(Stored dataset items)
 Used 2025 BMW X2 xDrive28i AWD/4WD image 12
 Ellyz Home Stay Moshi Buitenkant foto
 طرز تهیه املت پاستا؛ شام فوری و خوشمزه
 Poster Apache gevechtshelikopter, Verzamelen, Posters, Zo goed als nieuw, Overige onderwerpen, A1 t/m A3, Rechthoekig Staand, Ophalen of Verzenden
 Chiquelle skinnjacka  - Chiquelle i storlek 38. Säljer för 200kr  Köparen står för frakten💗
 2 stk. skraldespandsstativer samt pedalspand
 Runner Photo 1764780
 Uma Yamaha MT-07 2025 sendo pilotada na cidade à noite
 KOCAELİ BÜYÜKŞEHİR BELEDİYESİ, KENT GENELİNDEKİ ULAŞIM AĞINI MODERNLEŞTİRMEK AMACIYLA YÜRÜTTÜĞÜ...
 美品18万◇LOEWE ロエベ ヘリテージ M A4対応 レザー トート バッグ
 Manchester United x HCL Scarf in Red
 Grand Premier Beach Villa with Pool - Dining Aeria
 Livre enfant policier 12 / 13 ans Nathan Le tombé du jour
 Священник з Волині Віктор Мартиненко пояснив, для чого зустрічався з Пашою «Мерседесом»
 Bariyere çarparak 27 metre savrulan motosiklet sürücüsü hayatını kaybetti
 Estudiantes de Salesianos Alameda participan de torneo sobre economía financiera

• [Task prompt] Answer with the exact lines running from the one that contains "Bariyere çarparak 27" through the last line of the data. Include no other line.

• [Worked solution]
 Bariyere çarparak 27 metre savrulan motosiklet sürücüsü hayatını kaybetti
 Estudiantes de Salesianos Alameda participan de torneo sobre economía financiera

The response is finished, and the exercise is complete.